Area of a right triangle with little data

[mafagafo]

Homework Statement

Homework Equations

x^2 + y^2 = 9
A = 0.5xy
x ≠ y

The Attempt at a Solution

x^2 + y^2 = 9
A = xy/2

(x + y)^2 = x^2 + 2xy + y^2 = 9 + 2xy = 9 + 4A
A = ((x+y)^2 - 9)/4

Then I am lost. I need to find the area.

 

[BruceW]

it looks like you're trying to use some combination of x and y to find the answer. But why not try to find x and y individually, then find the answer?

 

[mafagafo]

Because I simply couldn't? The pdf that contained the problem is dealing with the Pythagorean Theorem. I do not think that I need more trigonometry for it.
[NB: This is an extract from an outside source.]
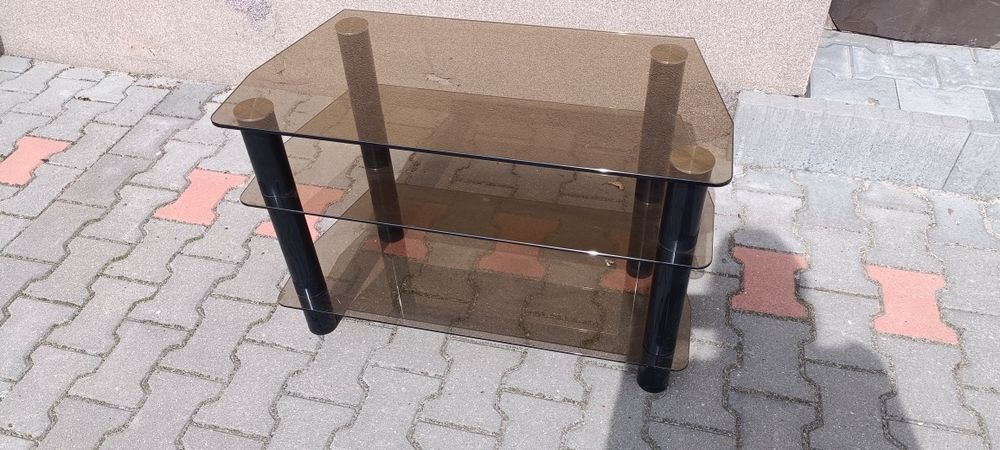 Szklany stolik  pod telewizor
If we call the point on the hypotenuse (that divides it in 1 and 2) P:
As x != y, the two acute angles are different from each other and, subsequently, I do not have right angles at the intersection with the hypotenuse.

To where?

 

[Saitama]

Name the triangle as $ABC$ right-angled at $B$ with $AB=x$. Let D be the point on AC such that AD=1.

Also, let $\angle BAC=\theta$, then you have $\angle ADB=\frac{3\pi}{4}-\theta$ and $\angle BDC=\frac{\pi}{4}+\theta$. Apply law of sines separately in triangles ADB and BDC to obtain x and y in terms of $\sin(\pi/4+\theta)$, you should then be able to find x and y from $x^2+y^2=9$.

 

[mafagafo]

Name the triangle as $ABC$ right-angled at $B$ with $AB=x$. Let D be the point on BC such that AD=1.

Also, let $\angle BAC=\theta$, then you have $\angle ADB=\frac{3\pi}{4}-\theta$ and $\angle BDC=\frac{\pi}{4}+\theta$. Apply law of sines separately in triangles ADB and BDC to obtain x and y in terms of $\sin(\pi/4+\theta)$, you should then be able to find x and y from $x^2+y^2=9$.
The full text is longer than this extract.